L'une des principales recommandations attire aussi l'attention sur la
nécessité d'adopter une carte sanitaire nationale susceptible d'aider les
pharmaciens à un bon déploiement sur le territoire et de retenir la distance
de 300 mètres partout dans le Royaume (Une bourgade de Rabat abrite 13
officines pour une population équivalente à celle d'un quartier de la
capitale). Cela aiderait, entre autres, à arrêter l'hémorragie que
constituent les faillites et fermetures d'officines. Car si, apprend-on lors
des travaux de ce congrès, 50% des officines vivent de grandes difficultés,
30% sont directement menacées de banqueroute.
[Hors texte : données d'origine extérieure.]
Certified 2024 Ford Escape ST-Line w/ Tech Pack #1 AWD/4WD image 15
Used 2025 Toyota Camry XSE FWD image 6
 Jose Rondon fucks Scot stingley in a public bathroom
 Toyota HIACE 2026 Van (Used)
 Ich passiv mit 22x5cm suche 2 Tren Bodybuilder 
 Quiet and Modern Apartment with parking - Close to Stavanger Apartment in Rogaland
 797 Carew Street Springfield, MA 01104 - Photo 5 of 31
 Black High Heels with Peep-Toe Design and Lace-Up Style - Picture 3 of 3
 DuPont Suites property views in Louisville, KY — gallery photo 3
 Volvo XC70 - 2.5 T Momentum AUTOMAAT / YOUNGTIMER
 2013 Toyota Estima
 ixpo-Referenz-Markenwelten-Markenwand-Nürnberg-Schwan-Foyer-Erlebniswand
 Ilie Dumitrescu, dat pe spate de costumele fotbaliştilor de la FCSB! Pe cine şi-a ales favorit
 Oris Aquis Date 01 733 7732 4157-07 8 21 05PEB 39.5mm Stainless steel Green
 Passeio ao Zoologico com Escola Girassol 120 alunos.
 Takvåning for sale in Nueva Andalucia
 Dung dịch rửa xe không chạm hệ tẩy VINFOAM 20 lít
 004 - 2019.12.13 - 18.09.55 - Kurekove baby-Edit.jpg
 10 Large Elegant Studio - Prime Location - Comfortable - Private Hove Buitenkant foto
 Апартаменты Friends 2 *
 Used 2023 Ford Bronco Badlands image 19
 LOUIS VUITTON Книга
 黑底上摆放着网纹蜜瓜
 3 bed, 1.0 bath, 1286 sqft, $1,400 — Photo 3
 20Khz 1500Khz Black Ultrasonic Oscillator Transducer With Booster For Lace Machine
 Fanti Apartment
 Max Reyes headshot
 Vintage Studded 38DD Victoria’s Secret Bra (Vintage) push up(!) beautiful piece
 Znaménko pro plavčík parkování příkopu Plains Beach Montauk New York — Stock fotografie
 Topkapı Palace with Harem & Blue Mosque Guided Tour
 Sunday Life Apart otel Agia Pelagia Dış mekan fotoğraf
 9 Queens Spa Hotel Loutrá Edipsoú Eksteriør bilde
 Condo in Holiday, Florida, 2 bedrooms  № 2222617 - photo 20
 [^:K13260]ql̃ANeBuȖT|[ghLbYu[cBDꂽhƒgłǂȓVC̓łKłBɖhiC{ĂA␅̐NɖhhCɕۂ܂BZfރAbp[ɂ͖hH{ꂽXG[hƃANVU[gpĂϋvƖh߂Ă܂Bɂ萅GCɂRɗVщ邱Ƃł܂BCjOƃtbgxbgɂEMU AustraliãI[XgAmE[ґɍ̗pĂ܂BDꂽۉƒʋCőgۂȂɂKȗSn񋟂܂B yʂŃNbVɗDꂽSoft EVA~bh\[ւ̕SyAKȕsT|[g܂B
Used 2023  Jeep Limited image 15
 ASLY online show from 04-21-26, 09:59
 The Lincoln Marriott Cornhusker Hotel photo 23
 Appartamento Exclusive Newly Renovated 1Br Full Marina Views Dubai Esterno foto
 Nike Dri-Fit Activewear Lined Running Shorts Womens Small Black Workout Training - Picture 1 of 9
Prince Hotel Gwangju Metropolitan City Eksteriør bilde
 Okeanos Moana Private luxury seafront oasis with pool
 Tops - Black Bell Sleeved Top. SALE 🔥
A tous ces éléments s'ajoute la concurrence déloyale que constitue toujours
le secteur informel et qui prive les officines de près de 35% de leur
chiffre d'affaires (Souk El Fellah à Oujda, mais aussi Souk Nouader à
Tétouan et un autre marché à Tanger, s'approvisionnant respectivement de
l'Algérie, Sebta et Mellilia).
Cependant, tout n'est pas totalement noir. La tenue de ce congrès à Oujda,
les 30 et 31 mai, a été l'occasion d'annoncer la mise en place d'une
mutuelle générale des pharmaciens dont les instances sont déjà mises en
place. C'est une première du genre pour une profession libérale et,
moyennant 2.000 DH de cotisation annuelle, le pharmacien et sa famille
pourront finalement bénéficier d'une assurance longtemps attendue. C'est
d'ailleurs la concrétisation de l'une des recommandations du premier congrès
du CRPON tenu à Tanger en 2001 et d'un rêve datant de 1976.